It was one of those strange seminal moments were the American people had to asked themselves, “WHAT THE HELL IS JOE BIDEN TALKING ABOUT?”

You’d be hard pressed to find someone who doesn’t believe Trumpism is a symptom of Republican rot, not the cause of it, and to argue otherwise is feckless foolishness. “This what the GOP has become is our real problem,” wrote Michael Tomasky. “Trump is and always has been just a manifestation of it. He has taken Republicans to unimaginable lows. But they’ve been demonstrating for years that they were delighted to go there.”

There is no Trumpism without Bill Barr obfuscation or the sycophancy of various Republican leaders. There is no Trumpism without years of Bushism.

Trumpism is a product of a perfect storm of Republican partisanship and conservative talk radio and racism that has long been bubbling under the surface.

So, what the hell is Joe Biden talking about then? As Ryan Bort pointed out in Rolling Stone, this isn’t the first time Biden has tried to convince voters that the US will “transform into a bipartisan utopia if only someone could defeat Trump in 2020.”

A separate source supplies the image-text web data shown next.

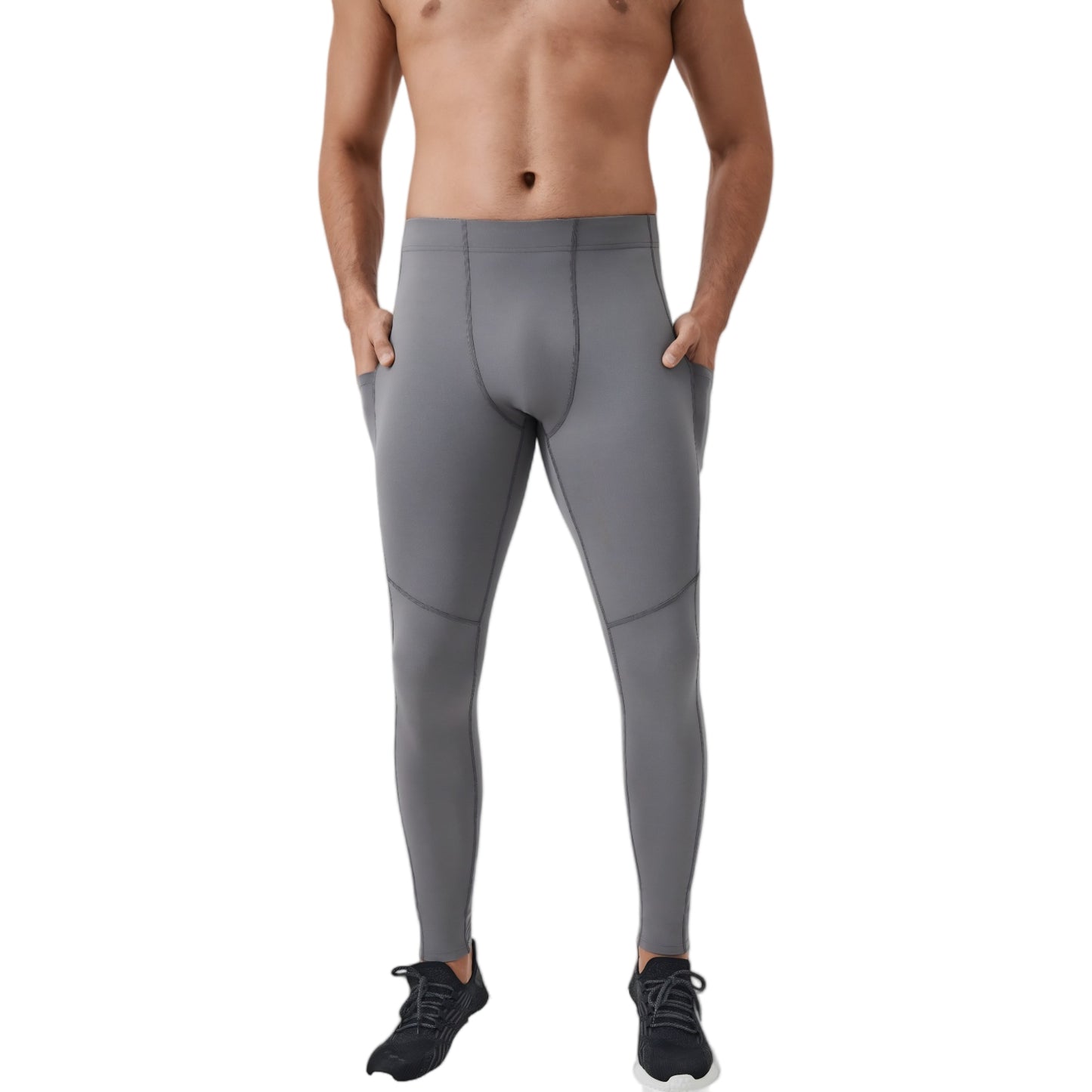 Anna-Kaci Active Men's Full-Length Compression Leggings with Side Pockets and Stretch Moisture-Wicking Fabric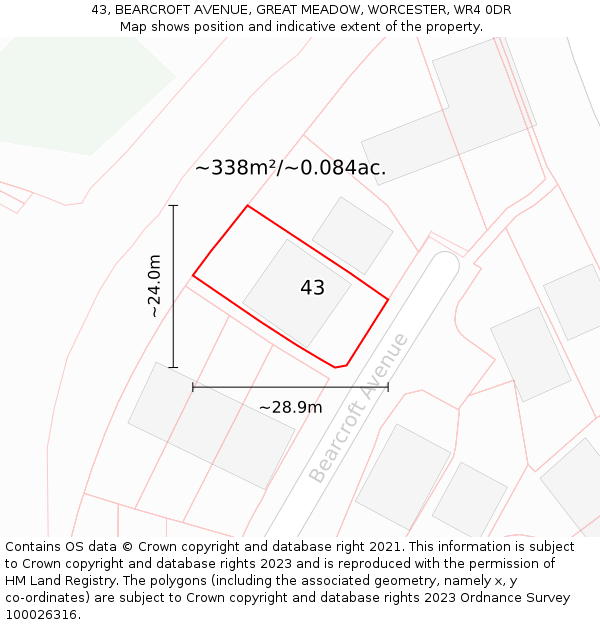 43, BEARCROFT AVENUE, GREAT MEADOW, WORCESTER, WR4 0DR: Plot and title map
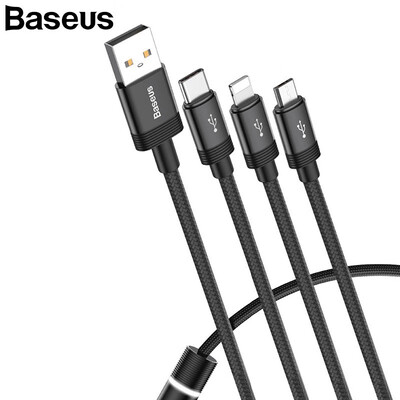 

Baseus 3 in 1 USB Cable 35A fast charging Micro Type-c Lightning Data cable for Phone Charger&data Transfer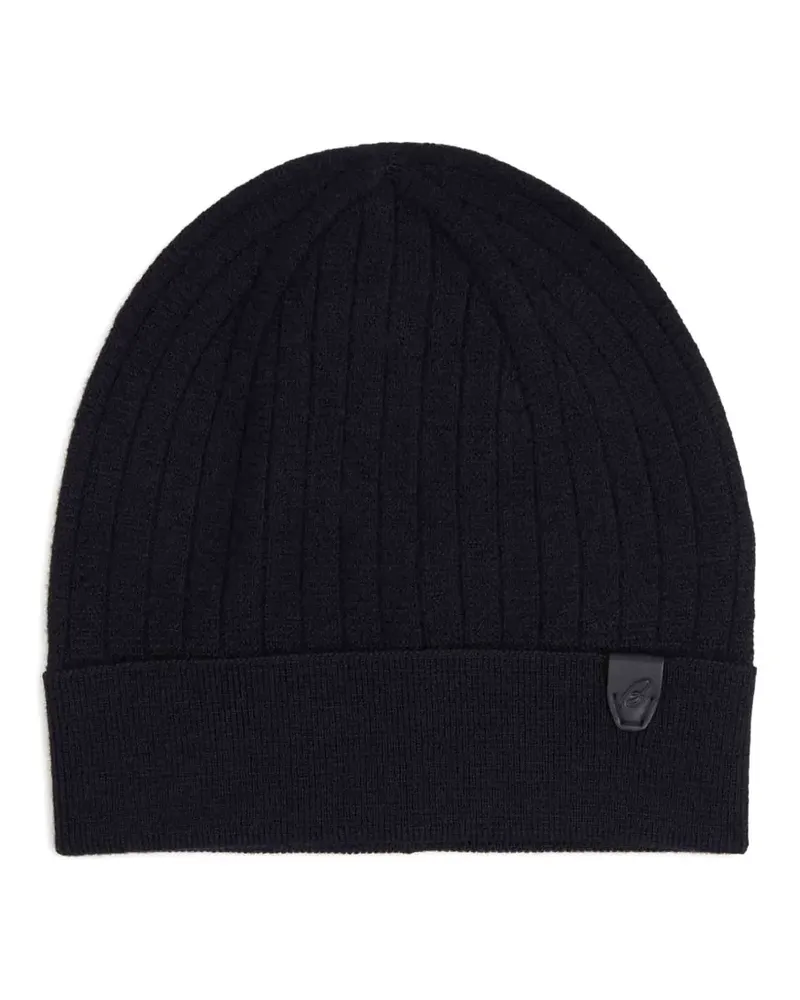 Brioni ribbed logo-patch beanie hat - Blau Blau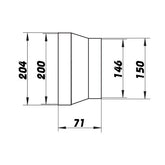 Transition PVC 200-150 mm
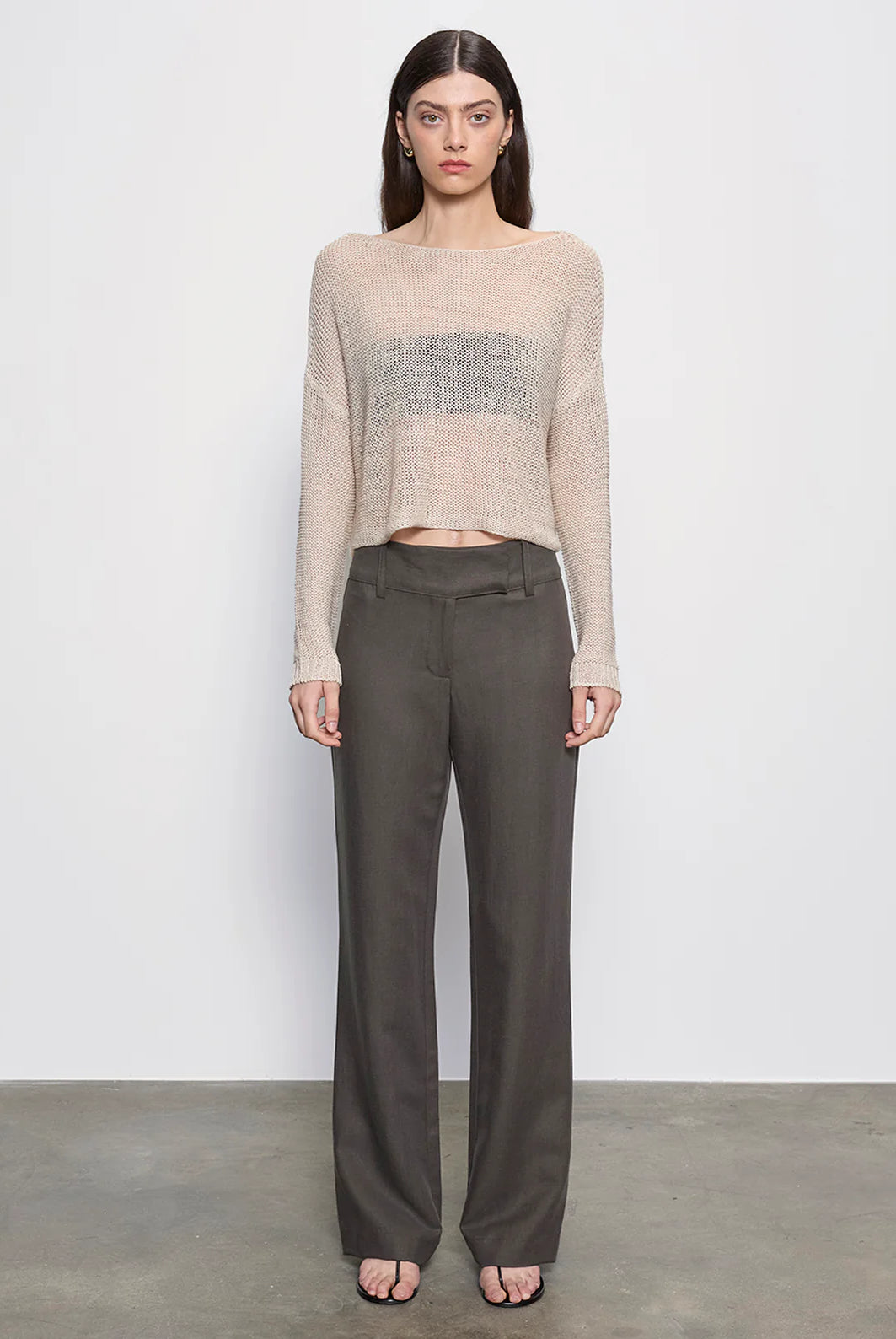 Linen Open Knit Bateau Sweater - Pearly Grey by Enza Costa — alternate view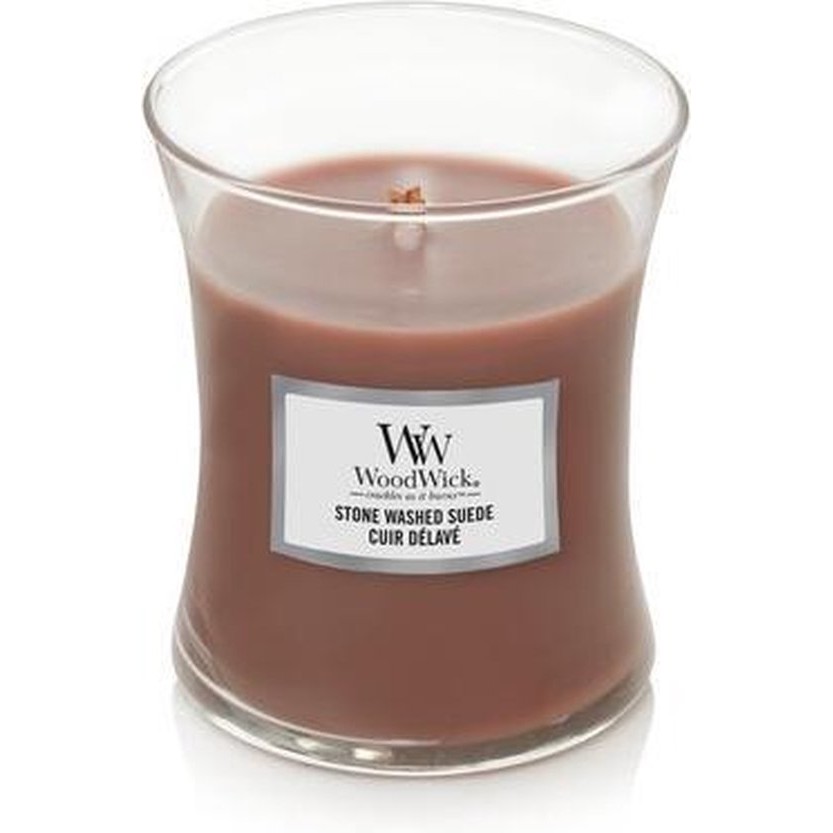 WoodWick Hourglass Medium Geurkaars – Stone Washed Suede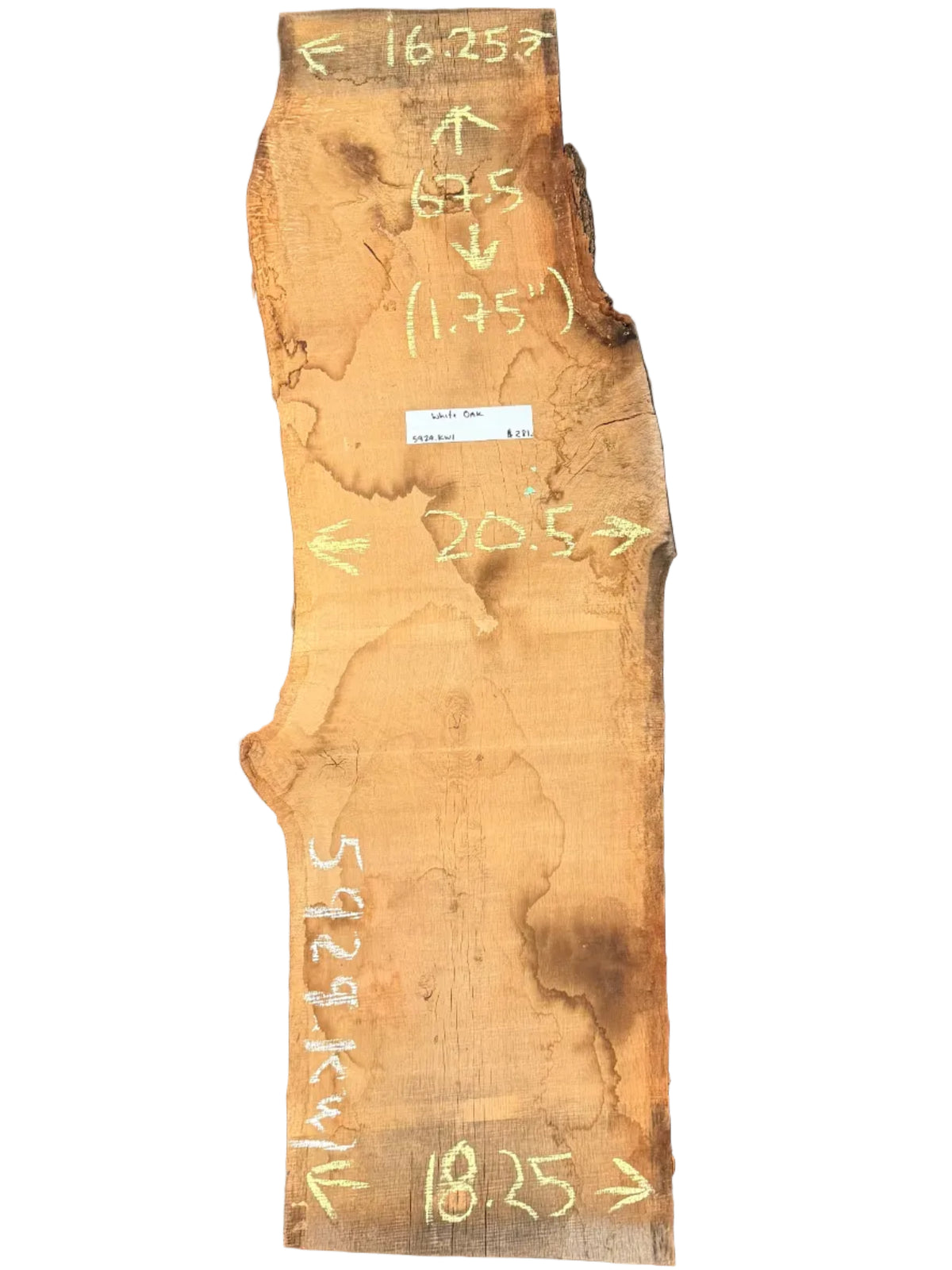 White Oak Live Edge Slab 5929.KWI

During a campaign stop in New Hampshire last month, Biden said that Republicans will have an “epiphany” once Trump leaves the White House. “I just think there is a way, and the thing that will fundamentally change things is with Donald Trump out of the white house.”

Um, does Joe Biden remember the Tea Party, the Starr report, the many many many times Republicans held Democrats hostage? Does Joe not remember that during his tenure as vice president, the senate majority leader “king of the partisans” Mitch McConnell refused to even allow the senate to hold a vote on Obama’s supreme court nominee Merrick Garland?

Maybe Biden thinks his best bet to win is to sell himself as “the return to normalcy candidate”. And who knows, maybe it’ll work. Eric Levitz in New York Magazine points to polls that suggest more than 60 per cent of Democrats want a candidate likely to perform well against Donald Trump more than they want one who’s likely to support their key policy preferences.

Perhaps a return to normalcy includes a total denial of the partisan clusterfuckery that American politics has become? It seems counterintuitive but who knows? Democrats sure are desperate to rid themselves of Trumpism and perhaps the idea that he is a tumor to be excised rather than a metastasis of the system is more comforting to democratic primary voters?

Of course, the other possibility is that the old man is just not that good at this. There’s a lot of evidence to support this theory given that Joe Biden’s first presidential foray was back in 1988. He also is known for many assorted and sundry gaffes. The good news about running against trump is that gaffes don’t necessarily disqualify a person they way they might in a normal election cycle against a normal politician with a normal, fully functioning frontal cortex.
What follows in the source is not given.